L’accès humanitaire et la protection des civils sont parmi les principaux points discutés lors des pourparlers menés par l’ONU entre les représentants des SAF et des RSF à Genève, sous la direction de l’envoyé personnel du secrétaire général de l’ONU pour le Soudan, Ramtane Lamamra.
La porte-parole de l’ONU à Genève, Alessandra Vellucci, a déclaré aux journalistes que les deux délégations étaient « engagées » et que Lamamra et son équipe avaient eu plusieurs interactions avec chacune d’elles.
« Si nous n’obtenons pas de cessez-le-feu, nous pourrions au moins obtenir la protection des civils et l’ouverture de couloirs humanitaires », selon Sahbani.
La fin des violences au Soudan du Sud n’est pas en vue
Pendant ce temps, la violence continue de faire rage de l’autre côté de la frontière au Soudan du Sud, le plus jeune pays du monde, avec 240 incidents signalés entre janvier et mars. Selon la mission des Nations Unies dans le pays, ces incidents ont « touché » plus de 900 civils.

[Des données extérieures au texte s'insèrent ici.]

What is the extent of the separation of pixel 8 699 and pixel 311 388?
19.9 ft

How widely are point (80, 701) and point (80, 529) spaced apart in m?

Les attaques, qui seraient motivées par ce que la MINUSS qualifie de « violence armée sous-nationale impliquant des milices communautaires et des groupes de défense civile », se poursuivent, a indiqué la Mission de l’ONU dans son dernier rapport trimestriel publié cette semaine.

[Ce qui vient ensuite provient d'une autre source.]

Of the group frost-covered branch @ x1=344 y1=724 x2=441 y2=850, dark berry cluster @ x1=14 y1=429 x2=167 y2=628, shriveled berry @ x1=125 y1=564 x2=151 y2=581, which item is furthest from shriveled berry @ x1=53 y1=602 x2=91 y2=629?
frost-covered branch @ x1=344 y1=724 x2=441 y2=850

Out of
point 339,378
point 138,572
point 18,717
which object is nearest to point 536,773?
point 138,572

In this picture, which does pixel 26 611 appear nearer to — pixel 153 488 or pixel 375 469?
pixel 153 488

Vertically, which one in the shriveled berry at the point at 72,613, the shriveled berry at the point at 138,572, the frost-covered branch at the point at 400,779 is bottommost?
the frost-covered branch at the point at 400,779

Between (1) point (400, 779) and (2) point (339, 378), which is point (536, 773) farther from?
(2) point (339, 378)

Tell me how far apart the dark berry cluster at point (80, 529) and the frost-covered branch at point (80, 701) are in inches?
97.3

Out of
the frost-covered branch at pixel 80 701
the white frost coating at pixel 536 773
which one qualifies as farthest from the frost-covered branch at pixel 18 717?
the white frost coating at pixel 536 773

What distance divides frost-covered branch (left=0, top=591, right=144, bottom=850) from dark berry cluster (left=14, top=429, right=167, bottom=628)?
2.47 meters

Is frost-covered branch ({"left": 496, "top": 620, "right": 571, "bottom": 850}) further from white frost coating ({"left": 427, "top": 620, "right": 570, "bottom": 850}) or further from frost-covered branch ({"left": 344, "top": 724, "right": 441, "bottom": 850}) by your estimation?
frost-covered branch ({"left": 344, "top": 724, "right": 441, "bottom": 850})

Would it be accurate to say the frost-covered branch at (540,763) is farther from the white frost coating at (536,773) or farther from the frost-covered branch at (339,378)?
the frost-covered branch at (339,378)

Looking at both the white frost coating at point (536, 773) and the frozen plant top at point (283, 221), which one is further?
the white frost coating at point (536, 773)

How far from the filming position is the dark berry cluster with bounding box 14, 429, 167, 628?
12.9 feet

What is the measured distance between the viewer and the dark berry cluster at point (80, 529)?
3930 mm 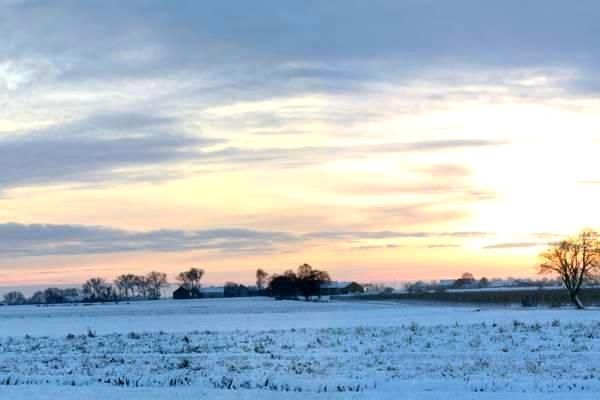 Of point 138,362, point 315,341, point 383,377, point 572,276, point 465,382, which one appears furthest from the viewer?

Sur les 913 civils touchés, 468 ont été tués, 328 blessés et 70 enlevés, dont 47 victimes de violences sexuelles liées au conflit. Il s’agit d’une augmentation de 24 % par rapport aux 194 incidents violents signalés au cours de la même période en 2023.
La MINUSS a déclaré que la violence inter et intracommunautaire perpétrée par les milices communautaires et/ou les groupes de défense civile reste la principale source de violence infranationale, représentant 87 % des victimes, soit 796 personnes.
Le rapport fait état d’une baisse de 30 % des enlèvements documentés par rapport au quatrième trimestre 2023 (de 100 à 70). Les incidents de violences sexuelles liées aux conflits ont diminué de 63 à 47, soit une baisse de 25 %.
Le représentant de la MINUSS, Nicholas Haysom, a appelé les autorités et les communautés à une action collective pour résoudre pacifiquement les griefs de longue date à l’approche des premières élections au Soudan du Sud, prévues en décembre.
« Construire une culture des droits de l’homme est fondamental pour parvenir à une sécurité, une paix et une démocratie durables », a-t-il déclaré.